They’re all bad

Statistically speaking, I think it’s safe to say that my ideas are bad. I don’t mean that they are malignant or somehow wicked, just that 97% percent of them are less than what I’m hoping for. Half of them are below average.

And I’m learning to be ok with that.

I’m not looking for more average, I’m on the hunt for outliers. What’s that one thing, or that small cluster, which once implemented which will create a wave a change, a veritable cascade of value.
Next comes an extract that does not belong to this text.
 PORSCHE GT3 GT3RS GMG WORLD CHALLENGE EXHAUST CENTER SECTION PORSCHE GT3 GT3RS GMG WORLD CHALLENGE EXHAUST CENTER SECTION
Take food for example. A tremendous amount of calories must be ingested in order to supply our natural bodies, and without that steady intake – we suffer. For many thousands of years, it was of highest importance to maintain food supply. Recently, the food supply in some parts of the world has been stabilized, and now we can turn our attention to other things – like this.
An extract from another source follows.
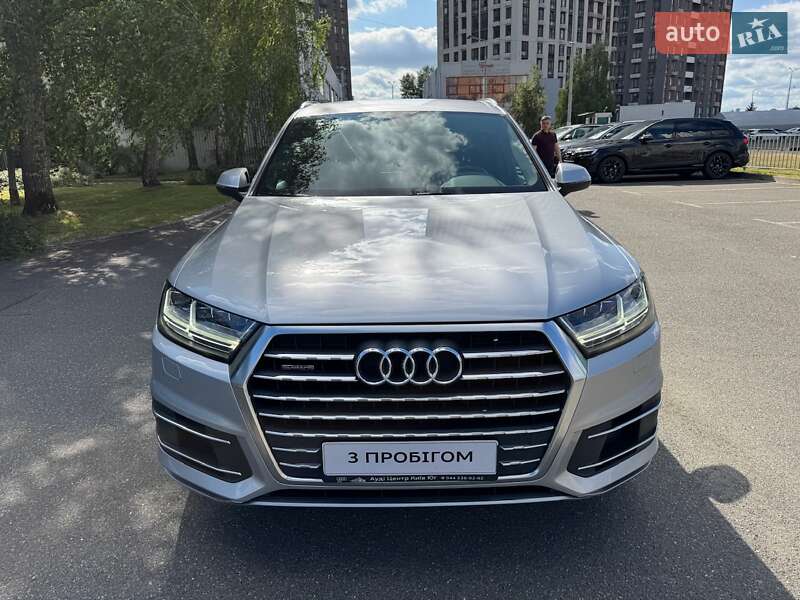 Позашляховик / Кросовер Audi Q7 2015 в Києві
Insulin. A tiny amount is the difference between vigorous life and certain death.

It doesn’t matter if Banting, McLeod, Best, and Collip discovered dozens, or tens of thousands, of “dud”, or “useless”, organ extracts and organic compounds in the body. Insulin made it all worth it.

Like this blog. I expect to look back on this posts years from now and find that I’ve grown in understanding between now and then. The work I am doing now, even the work that I am putting the most energy and focus into, will hopefully look antiquated in light of the work I have yet to do.

So I’m ok with “bad” ideas. Ideas that don’t go anywhere. Ideas that don’t pan out to be game changing for me. I can let these go and move on. The only way to find the best ideas is to keep looking.

There yet remains undiscovered insulin.

Taking Hold

I’ve been holding onto a hundred different ropes. Every one of them is a thread running to something in my life – something that I believe has potential. Something wild to be taken and tamed. It’s high time to let go of some of those ropes.

All this time, I am eagerly anticipating that day when I defeat a Bengal tiger at the end of one of those ropes.

Anyone can subdue a lamb. Many have tied up a calf. It is nothing extraordinary to catch a squirrel.

The future belongs to the one who bears the gaze of the tiger, and then binds it.

I’ve been waiting and preparing for that life or death dance with that proud beast.

The myriad of squawking chickens and noisy toy monkeys on the end of my ropes are distractions. It’s time to let them go.

It’s time, with both hands, to take hold of the line that leads directly to the snapping jaws.

Failed Again

I failed a few more times today.

I dropped the ball.

I missed the target.

So what now? It seems that I’m facing a dichotomy.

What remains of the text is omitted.